**DATA FOR THIS EXERCISE**.
==================================================
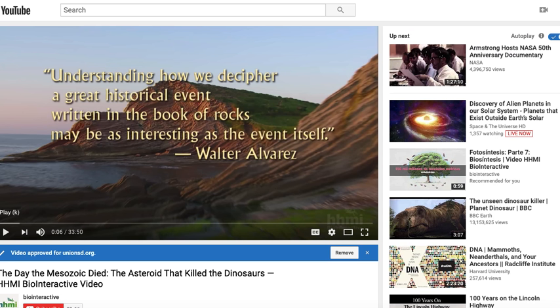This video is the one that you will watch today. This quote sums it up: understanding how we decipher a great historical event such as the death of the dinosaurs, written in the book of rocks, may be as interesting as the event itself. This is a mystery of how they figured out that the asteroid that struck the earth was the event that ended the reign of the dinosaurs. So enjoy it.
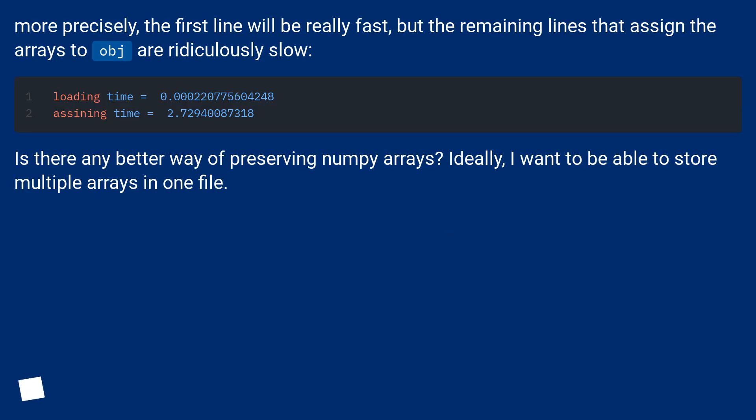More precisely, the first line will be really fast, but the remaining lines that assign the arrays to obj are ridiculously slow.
==================================================
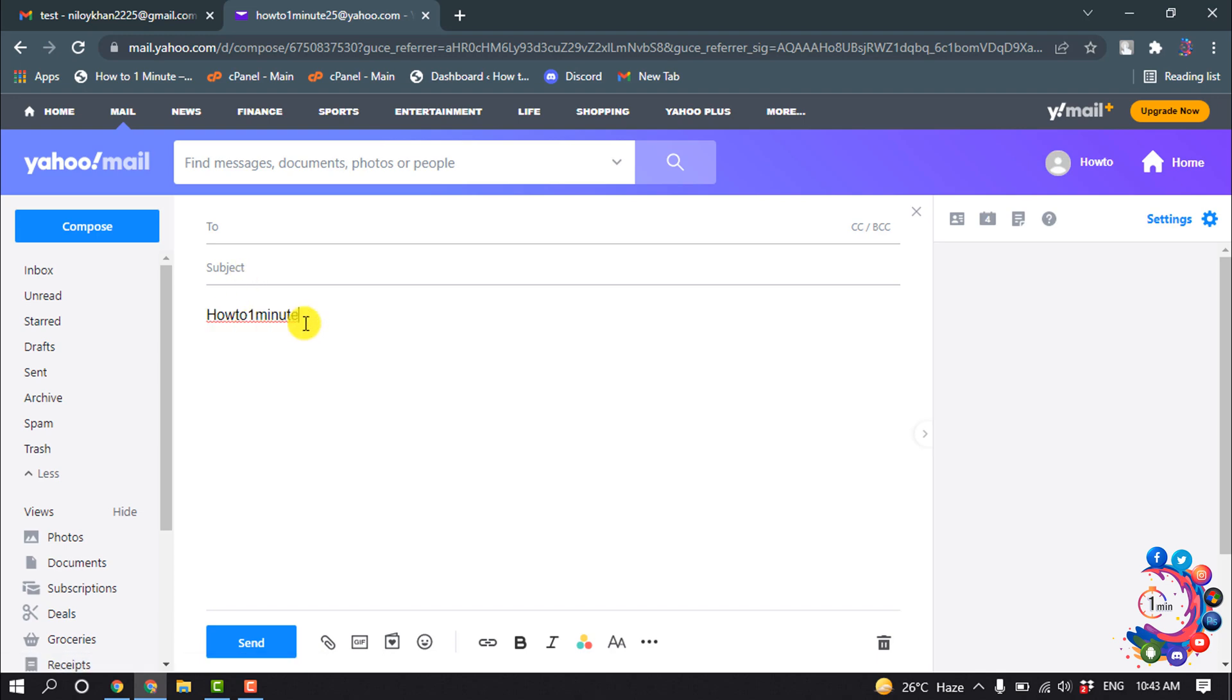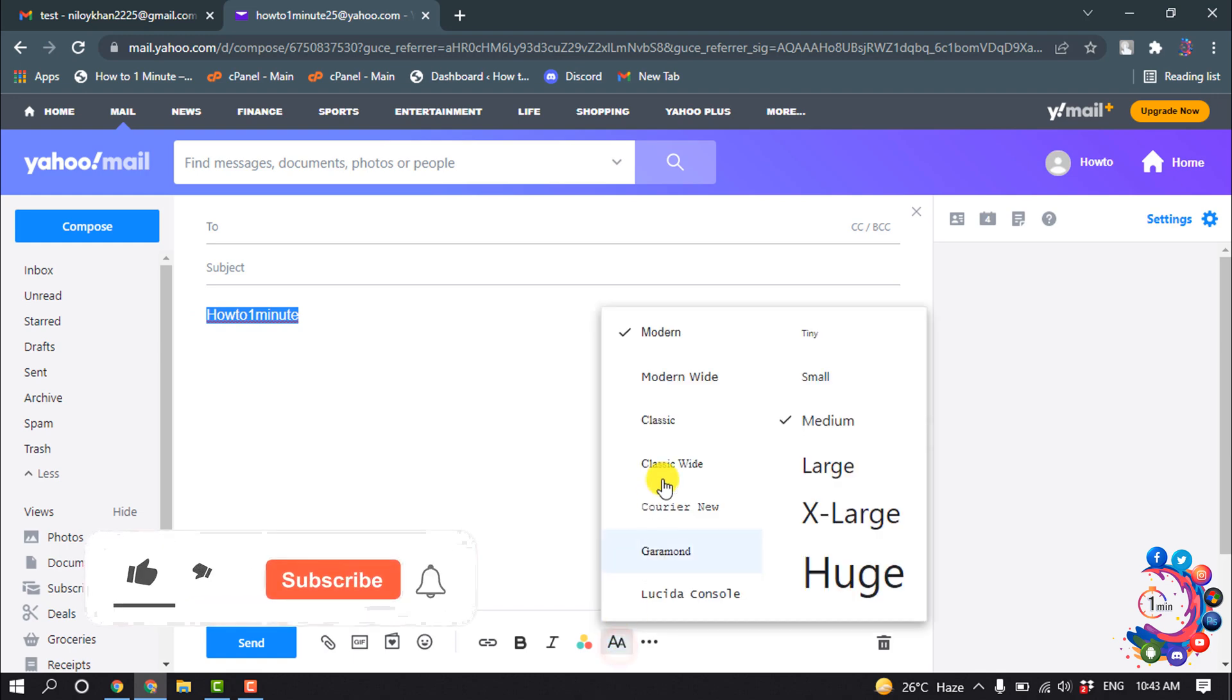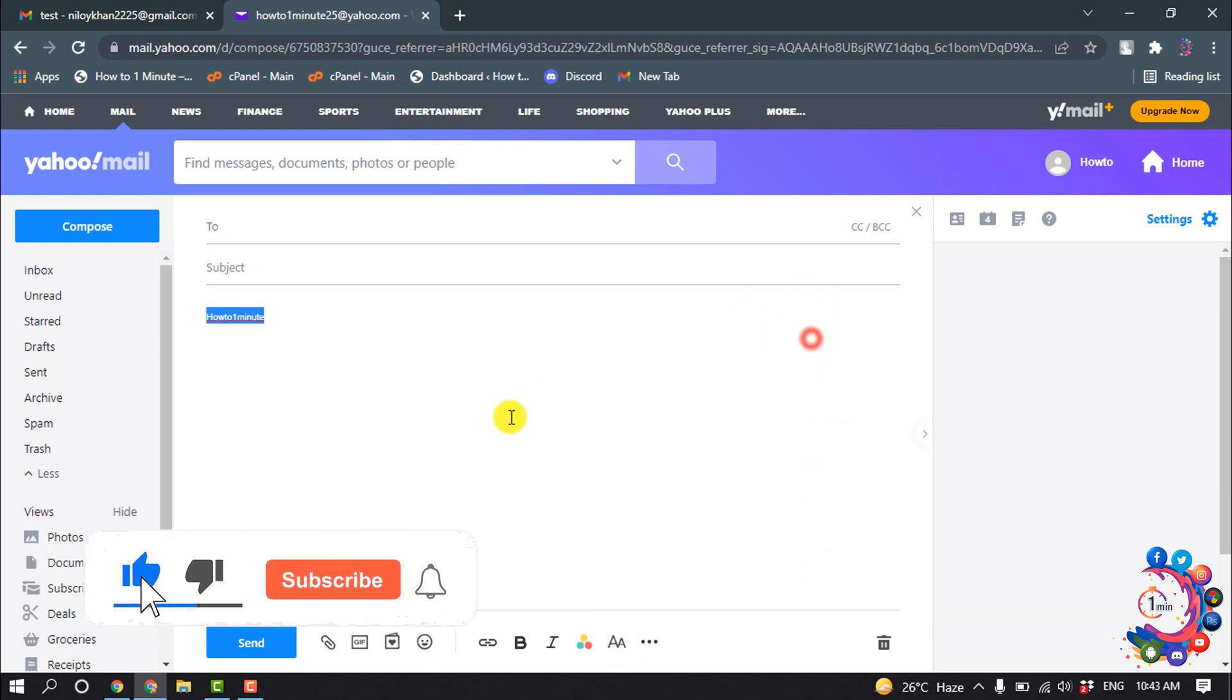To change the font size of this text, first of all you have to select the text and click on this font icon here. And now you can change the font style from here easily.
==================================================
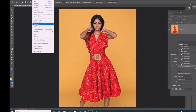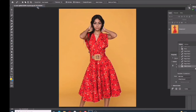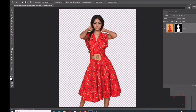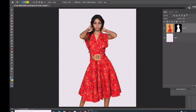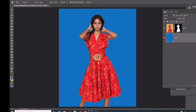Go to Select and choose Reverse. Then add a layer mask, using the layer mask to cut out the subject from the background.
==================================================
**REQUIREMENT**.
Each line above that falls between the line with "This video is" and the line with "More precisely, the" should be printed exactly, together with those two lines, but the pictures should not.

**WRITTEN ANSWER**.
This video is the one that you will watch today. This quote sums it up: understanding how we decipher a great historical event such as the death of the dinosaurs, written in the book of rocks, may be as interesting as the event itself. This is a mystery of how they figured out that the asteroid that struck the earth was the event that ended the reign of the dinosaurs. So enjoy it.
More precisely, the first line will be really fast, but the remaining lines that assign the arrays to obj are ridiculously slow.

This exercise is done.